Hissène Habré was the President of the Republic of Chad from 1982 to 1990. His regime was a dictatorship, imposed by an unique party. Habré is today pursued for several crimes against humanity. Indeed, he is accused of human rights violations (like systematic torture), against particular ethnic groups, and of political assassinations.

In 1990, Habré was forced to step down from power and took refugee in Senegal. The following year, the Chadian Association of Victims of Crimes and Political Repression engaged in legal proceedings against him and his accomplices. However, the investigating judge did not pursue the charges due to insufficient evidences.

Almost ten years later, with the help of Human Rights Watch and the African Assembly for the Defense of Human Rights, the victims were able to file a criminal complaint in Senegal against Habré, following an investigation in Chad. That same year, three victims who are Belgian nationals file a complaint in Belgium, based on universal or extra-territorial jurisdiction, which allowed the Belgian authorities to exercise their power beyond their normal competence. In 2005, after an investigation, a Belgian judge issued an international warrant for the apprehension of Habré, on the charges of crimes against humanity. However, since Habré was in Senegal, there was nothing the Chadian authorities could do and Senegal refused to extradite him. Finally, in 2007, the Senegalese Constitution was amended to allow the pursuit of criminals of war and against humanity, opening the door for the trial of Habré in that country.
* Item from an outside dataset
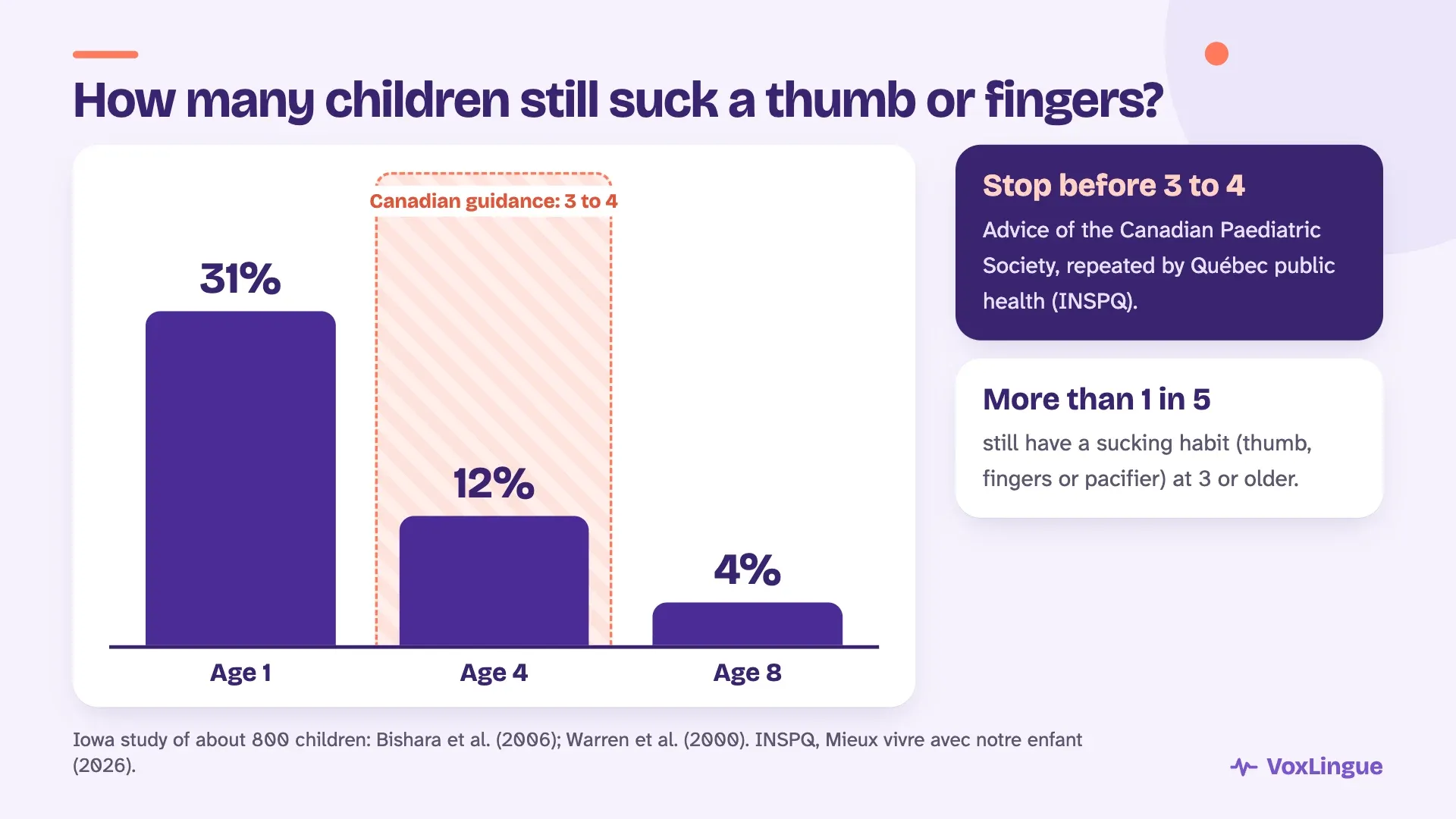 Chart: 31% of children suck a thumb or fingers at age 1, 12% at 4 and 4% at 8 in the Iowa study; Canadian guidance is to stop before 3 to 4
However, the lack of funds to make this trial, combined with former Senegalese President Wade’s resistance, continuously slowed down the process. Hissène Habré’s judgment is a massive case of international criminal law. With the election of President Macky Sall in 2012, the Extraordinary African Chambers were inaugurated in Senegal and an in-depth investigation has already taken place. We hope the trial will now start, and that it will be fair for all the parties involved. Read more about it here.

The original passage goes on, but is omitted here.